If the steps must be taken in sequence, then you’ll use numbers or letters as your bullets. And, if that sequence has several sub-steps within each step, you would follow convention by using these types of characters, in this order:

  • Roman numeral
  • Capital letter
  • Standard (Arabic) number
  • Lower case letter

For example:

I The Beginning
        A. The first part of the Beginning
                1. The first part of the first part
                      a) and so on.

Indentations are helpful when working with highly structured checklists, like these. They show at a glance the importance of each component in the list.

A couple of other types of checklist might also be considered — flowcharts and mind-maps. A flow-chart means a series of boxes illustrating the linear steps in a process. These are especially helpful if the checklist includes decision points.

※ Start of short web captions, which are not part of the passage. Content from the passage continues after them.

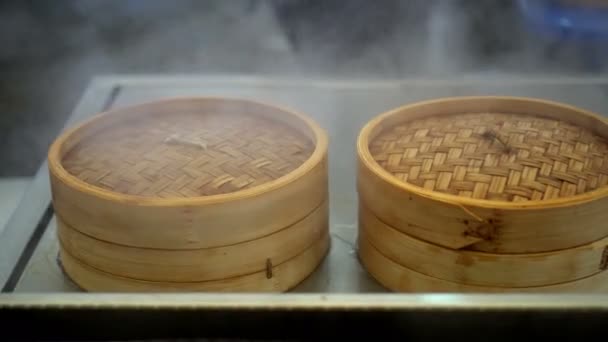 Chef Open Dim Sum Bamboo Basket Steamer Chinese Cuisine — Stock Video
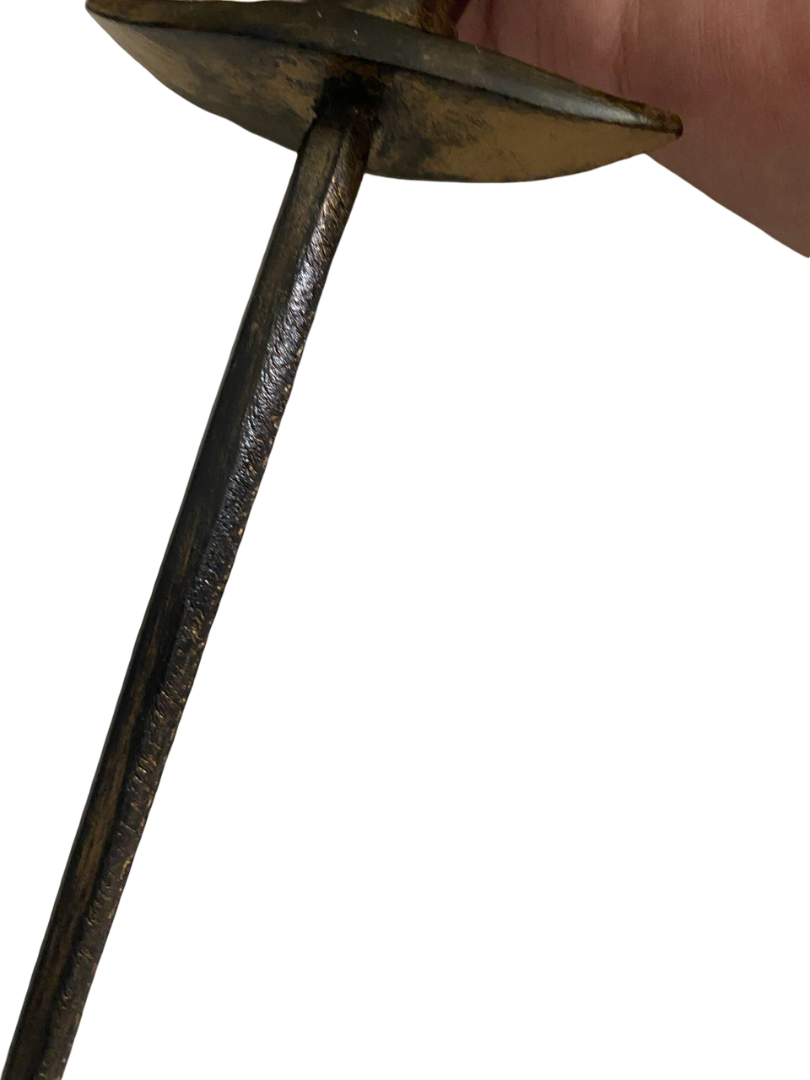 Side profile of The Omen dagger replica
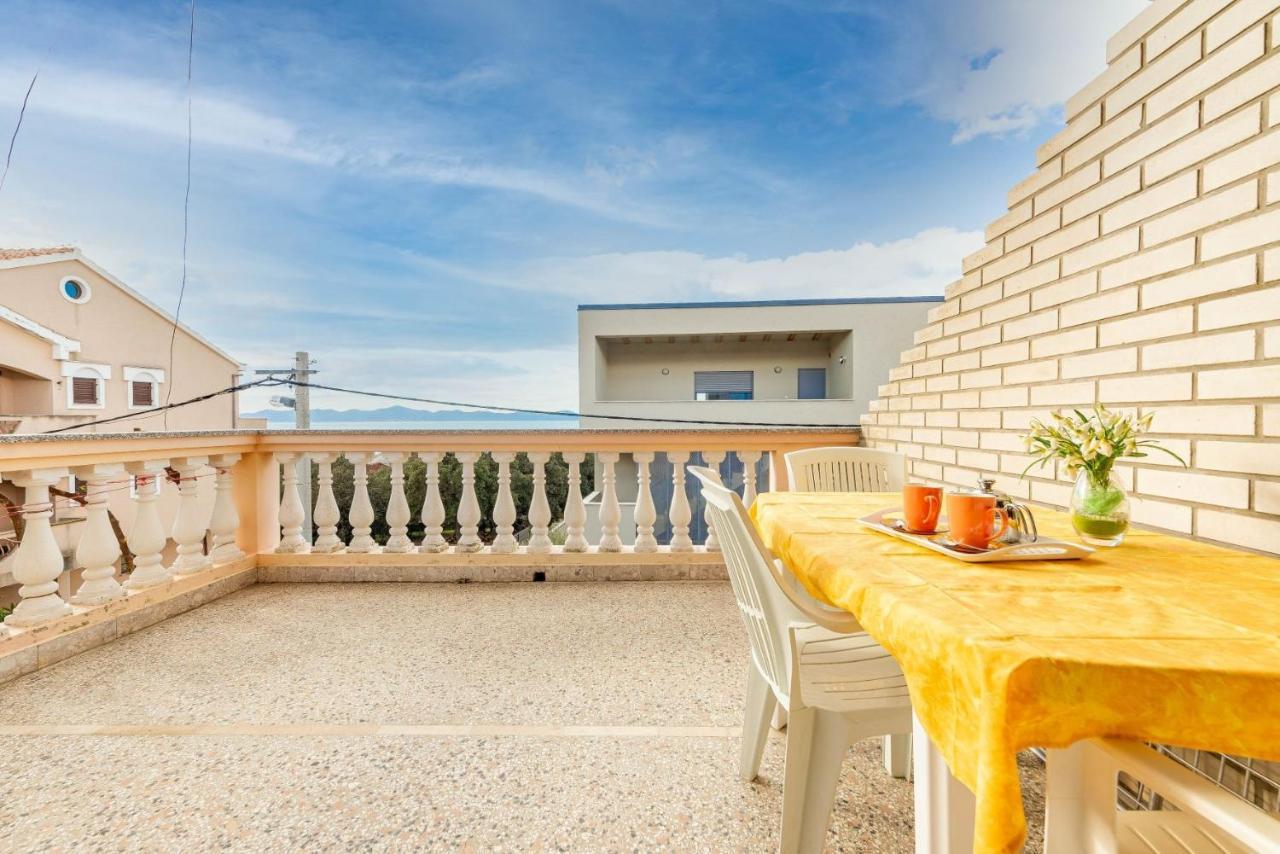 Family Friendly Seaside Apartments Kozino, Zadar - 5749 Petrčane Dış mekan fotoğraf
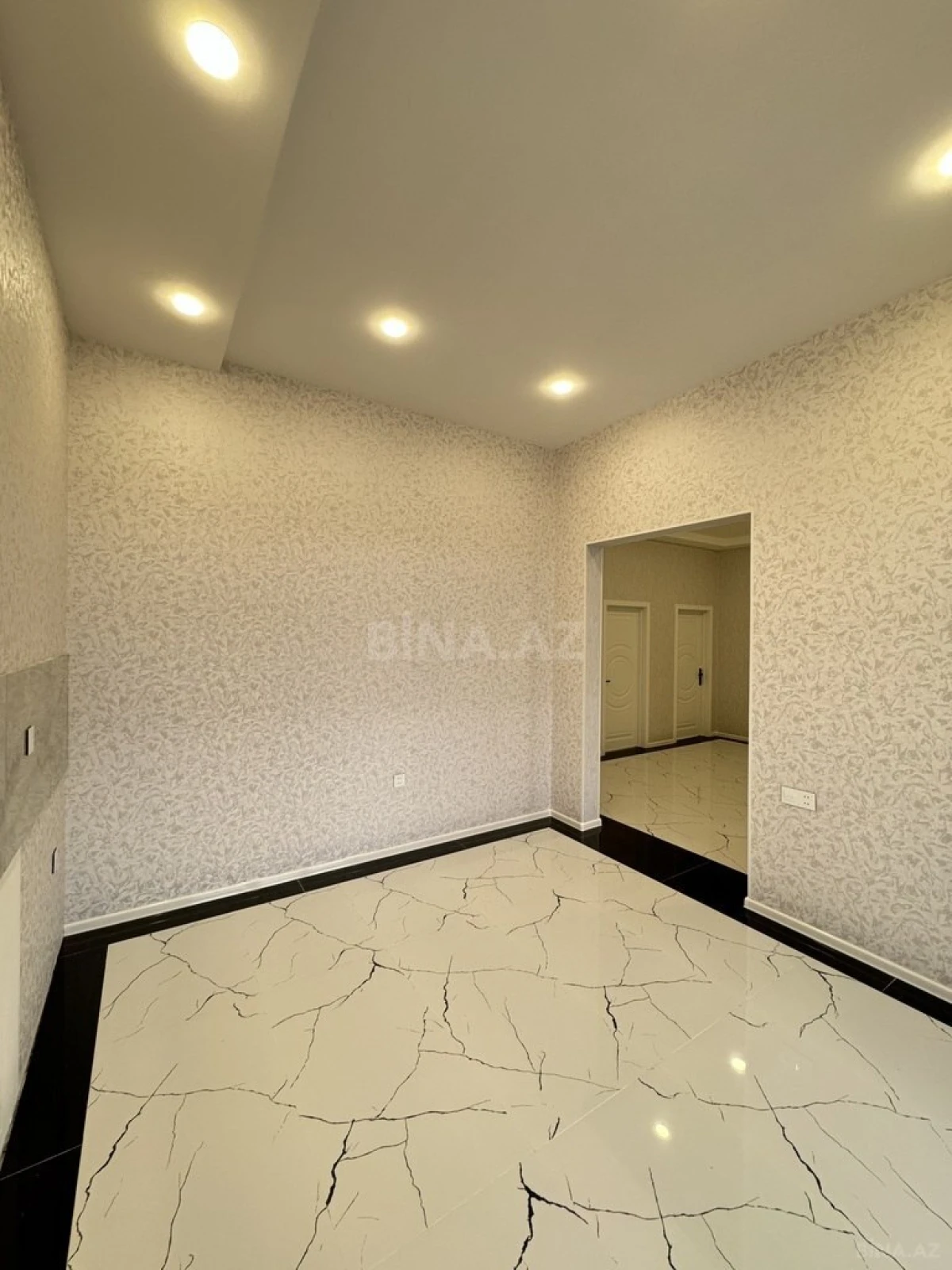 Satılır 4 otaqlı həyət evi 135 m²
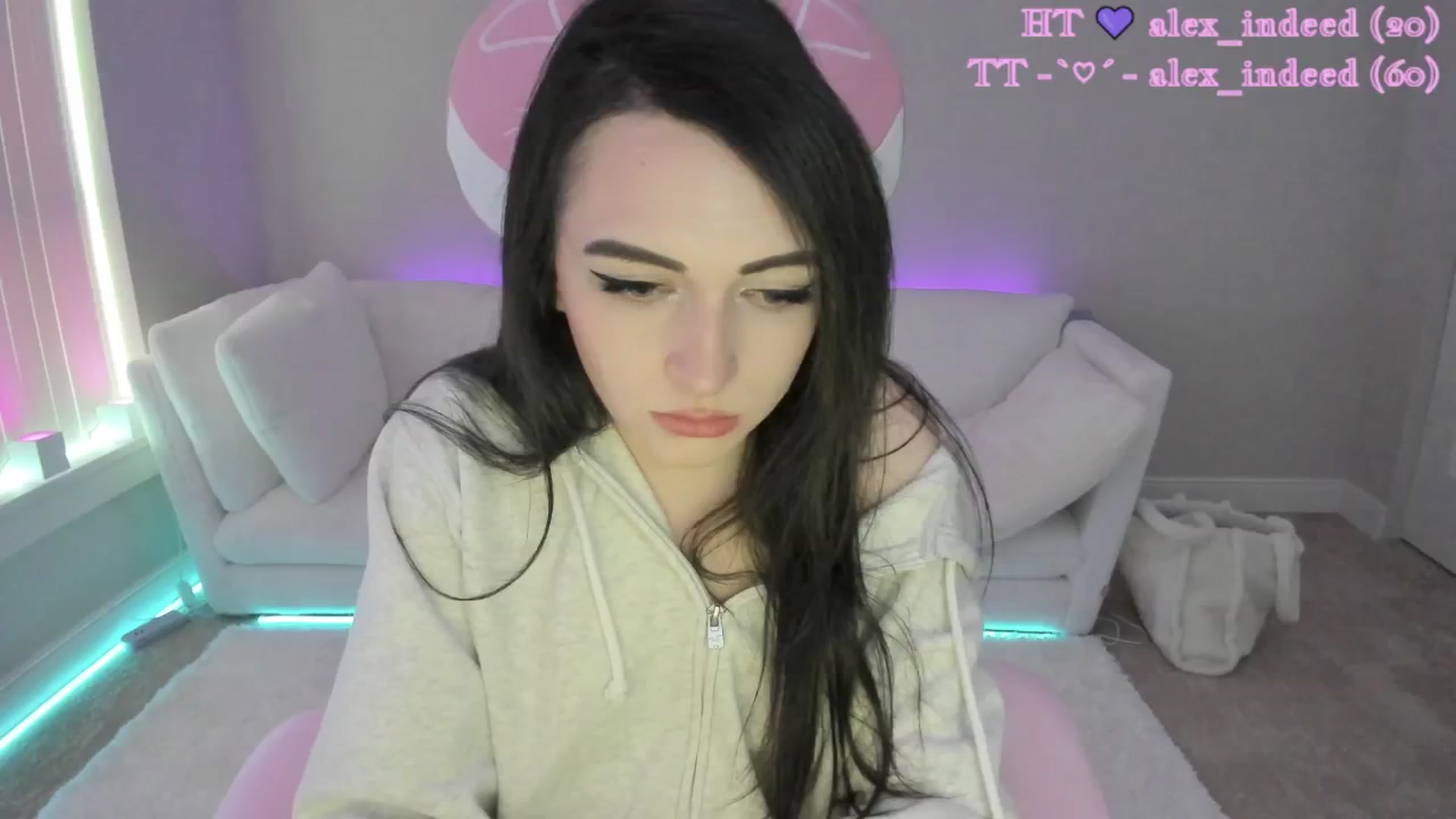 Gallery image thumbnail from LeighlaLove's myfreecams stream on, 05/10/2025, 18:29 image 17 of 20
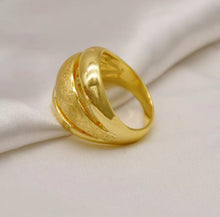 Load image into Gallery viewer, Special Design Luxury Shiny Brazilian Gold 24k Bracelet Earrings Ring For women Jewellery Set For Party Wedding Bride Gift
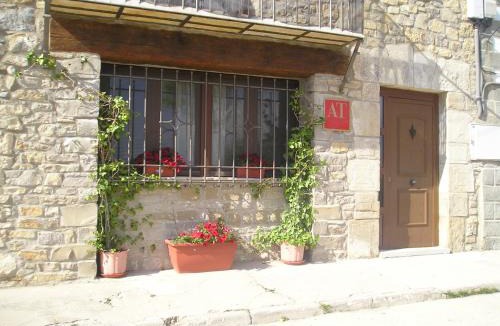 Mosqueruela Apartment | Rio La Estrella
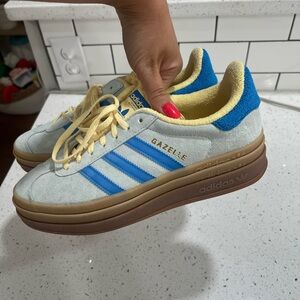 Wmns Gazelle Bold 'Almost Blue Yellow' – Size US 7.5 W
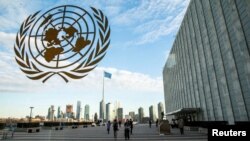 АРХИВА - Луѓе во седиштето на Обединетите нации во Њујорк, 20 декември 2023 година.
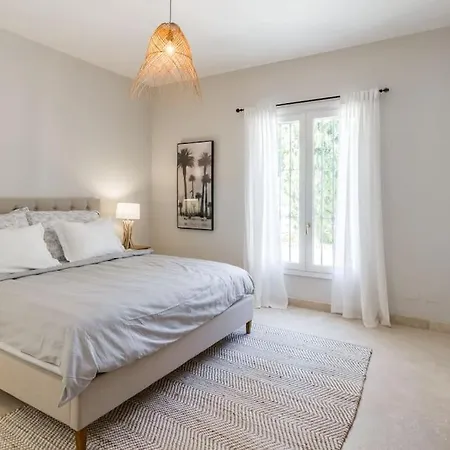 - 5 Bed In El Paraiso Villa Estepona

For example, "If the computer starts, do this" or "If the computer DOES NOT start, do that."

A mind-map refers to a number of boxes with interconnecting lines (not necessarily in a sequence, but perhaps showing interrelationships). In this case, the idea is to show how different aspects of the same issue connect with each other.

One final thought: outliners, whether stand-alone or in word processors can provide checklists, along with appropriate indentations. If the content fits the checklist format, an outliner may help you create one quickly and easily.

Robert F. Abbott offers three free chapters from his book, A Manager’s Guide to Newsletters: Communicating for Results. He also offers free subscriptions to Abbott’s Communication Letter, a free newsletter that helps you enhance your career through improved business communication.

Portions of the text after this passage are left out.